Sept 17th marks Constitution Day. In a tribute to this anniversary, this week we are highlighting the amendments that extended voter protections to nearly all adult citizens.

Our nation’s founding document is a living one by design. A breakthrough for their time, elections in the early republic still left most Americans out: it would take a century more for America to recognize African Americans and freed slaves as voting citizens, and another 50 years for women to win that right.

To their credit, the framers made the Constitution revisable over time.

The 15th amendment demands, “the right of citizens of the United States to vote shall not be denied or abridged by the United States or by any state on account of race, color, or previous condition of servitude.”

The initial effects of the law were immediate but short-lived. The 15th amendment was violently suppressed for nearly a century before the Voting Rights Act of 1965. “Even today,” writes historian and Making Every Vote Count board member Richard Tedlow, “roadblocks are put between [African-Americans] and the ballot box and not in the South alone.”

After so much struggle to secure the right to vote, from the American Revolution through the Civil Rights Movement, why then is voter turnout so low in the United States?

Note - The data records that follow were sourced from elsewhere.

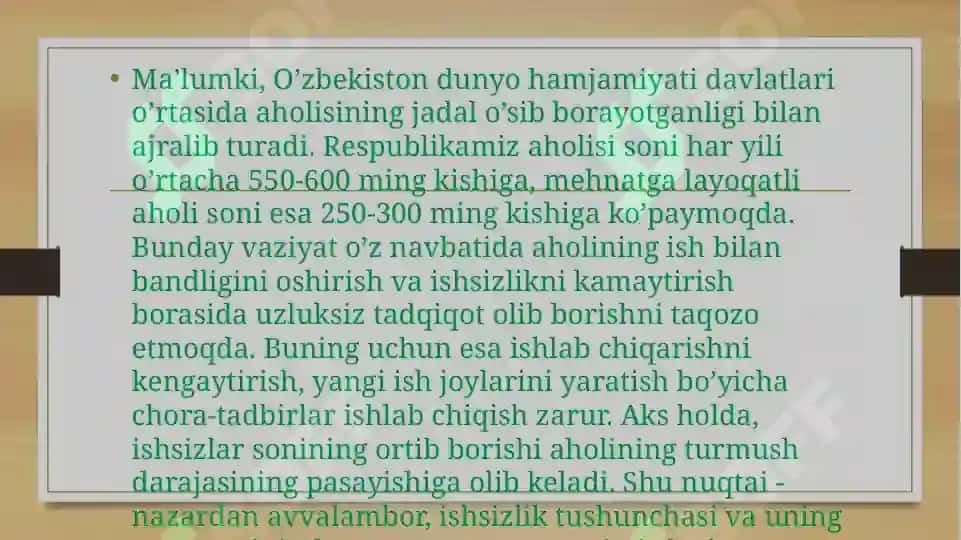 Ishsizlik sabablari, turlari va ko’rsatkichlari 4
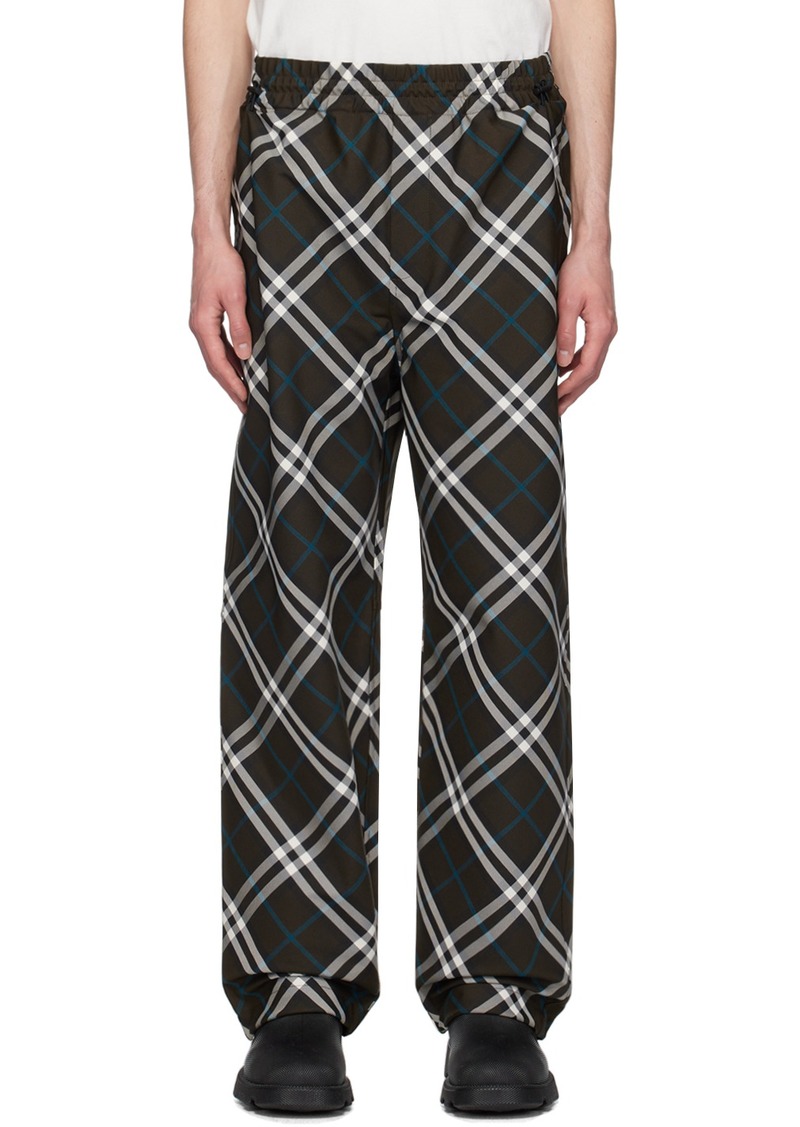 Burberry Khaki Check Track Pants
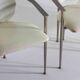 Postmodern dining chairs in steel and white leather, Belgium 1980s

“It is at best possible that one reason people today in the U.S. don’t vote is because they feel their vote does not matter,” reflects Professor Tedlow, “What renders the vote meaningless [in presidential elections] outside the swing states is the Electoral College. … If a way could be found to make the popular vote rather than the electoral vote determine the winner of the Presidential election, candidates would campaign in every state. Democratic votes in Mississippi and Republican votes in California would matter. Turnout would soar. It has been estimated that 50 million more people might vote.”